WHAT YOU WILL DO
Since the records include pictures, leave those out while you reproduce exactly and only the lines from the one containing "Proje Okullarında Dört" through the one containing "NB108MMA88 Giraffe Bone Scales", inclusive.
(Beginning of GIVEN DATA)
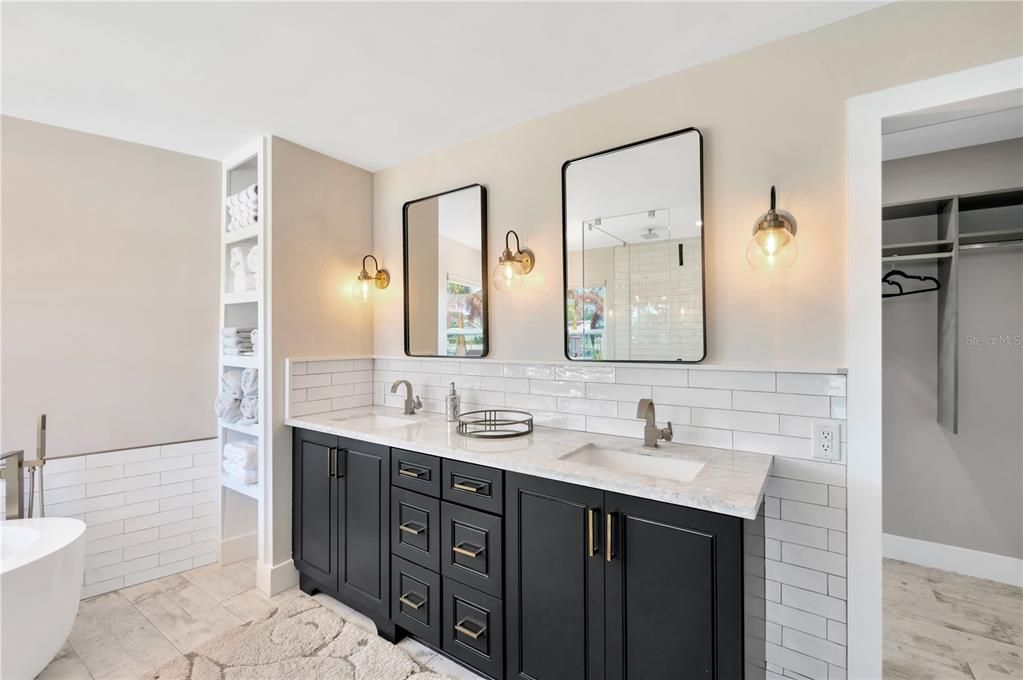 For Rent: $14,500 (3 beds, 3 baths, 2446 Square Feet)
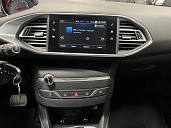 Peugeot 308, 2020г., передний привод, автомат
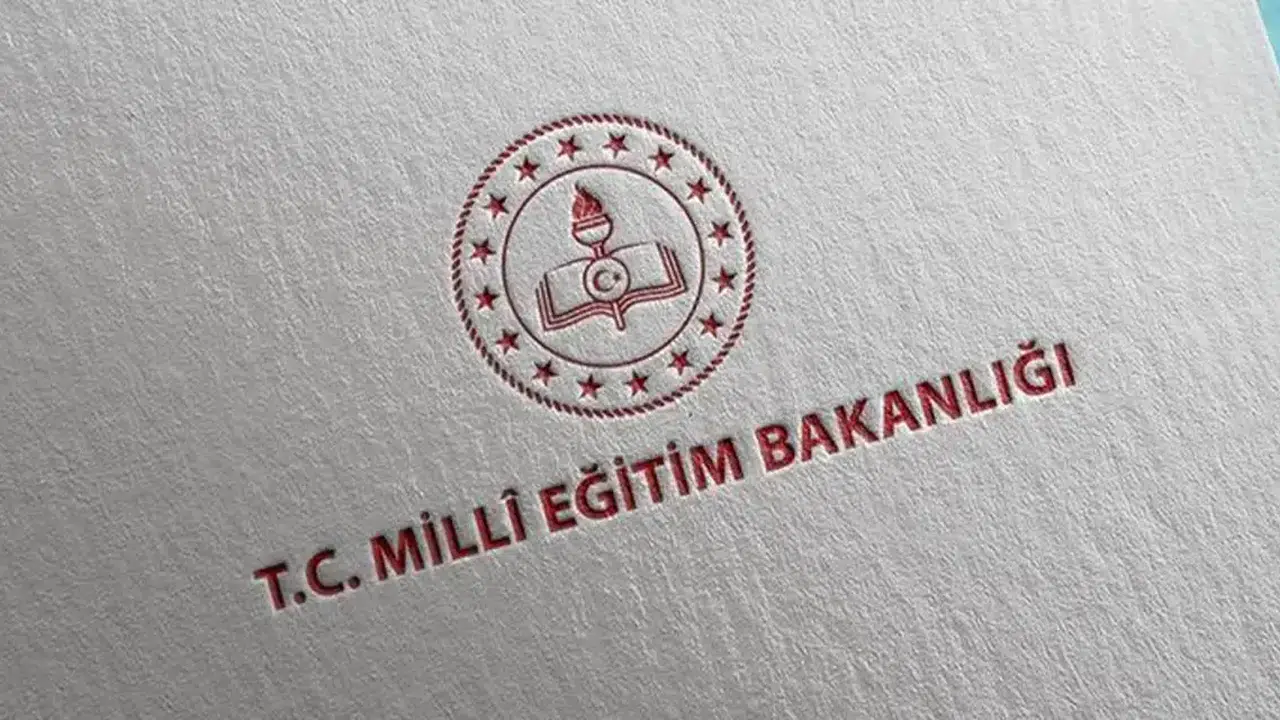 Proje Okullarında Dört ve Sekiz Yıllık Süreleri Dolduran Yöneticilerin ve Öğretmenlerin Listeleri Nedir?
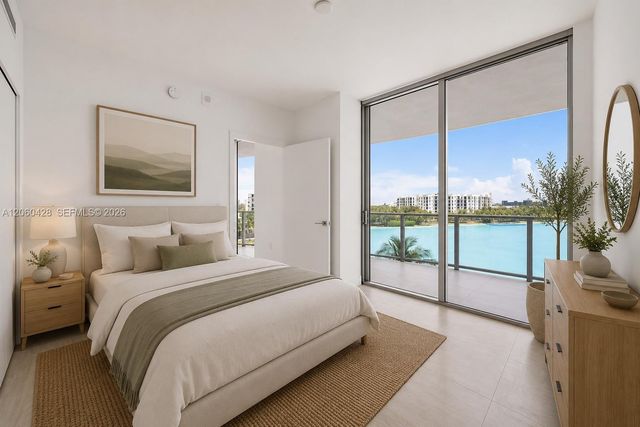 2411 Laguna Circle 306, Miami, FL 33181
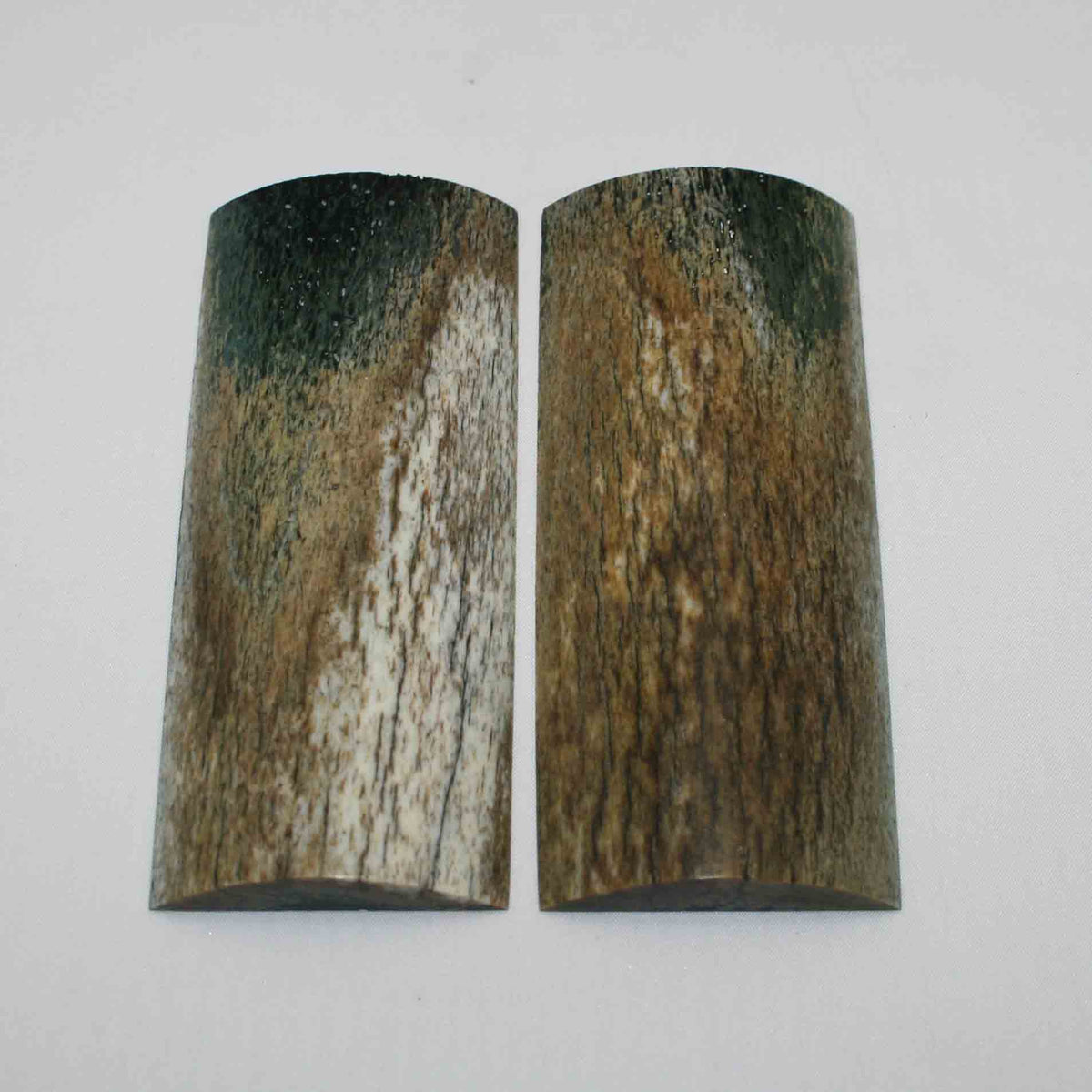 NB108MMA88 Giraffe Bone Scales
(End of GIVEN DATA)
(Beginning of GIVEN DATA)
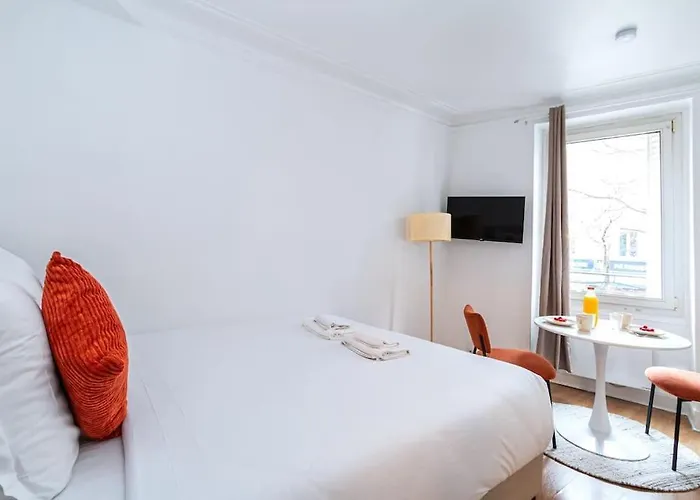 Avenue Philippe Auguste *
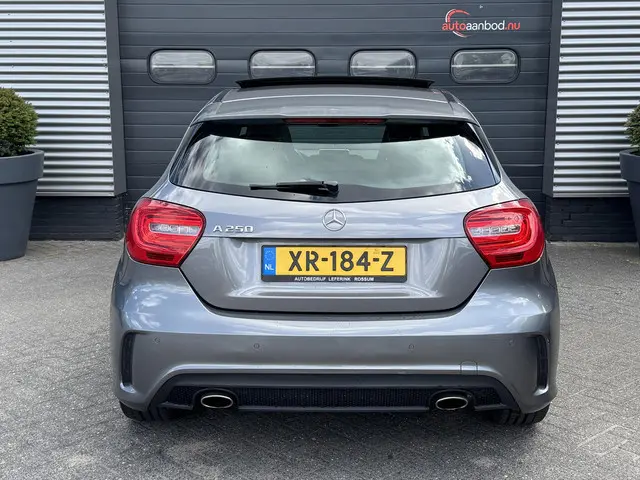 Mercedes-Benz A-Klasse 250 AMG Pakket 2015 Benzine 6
(End of GIVEN DATA)
(Beginning of GIVEN DATA)
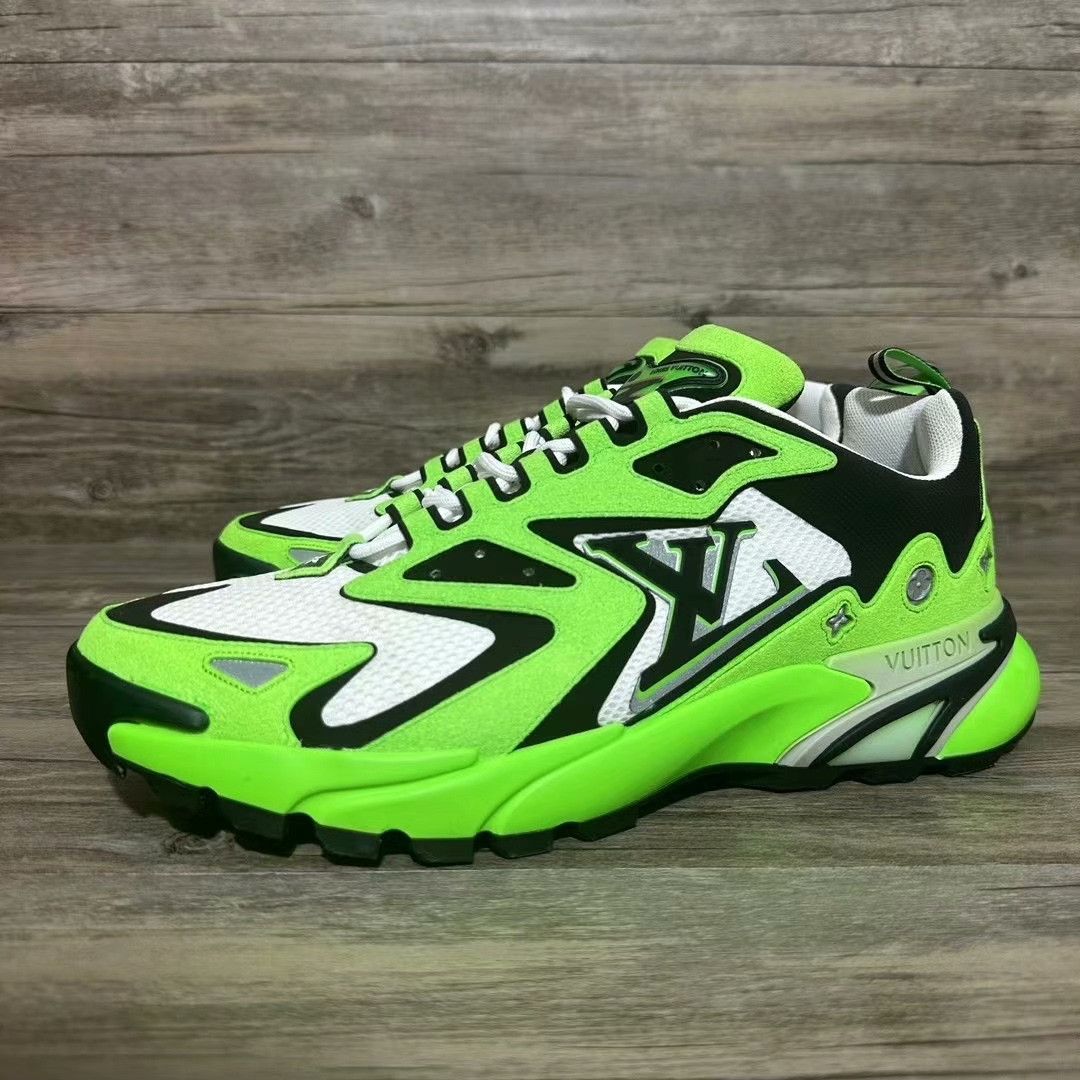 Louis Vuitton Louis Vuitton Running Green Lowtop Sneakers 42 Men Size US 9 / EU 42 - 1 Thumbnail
(End of GIVEN DATA)
RESULT OF THE TASK
 Proje Okullarında Dört ve Sekiz Yıllık Süreleri Dolduran Yöneticilerin ve Öğretmenlerin Listeleri Nedir?
 2411 Laguna Circle 306, Miami, FL 33181
 NB108MMA88 Giraffe Bone Scales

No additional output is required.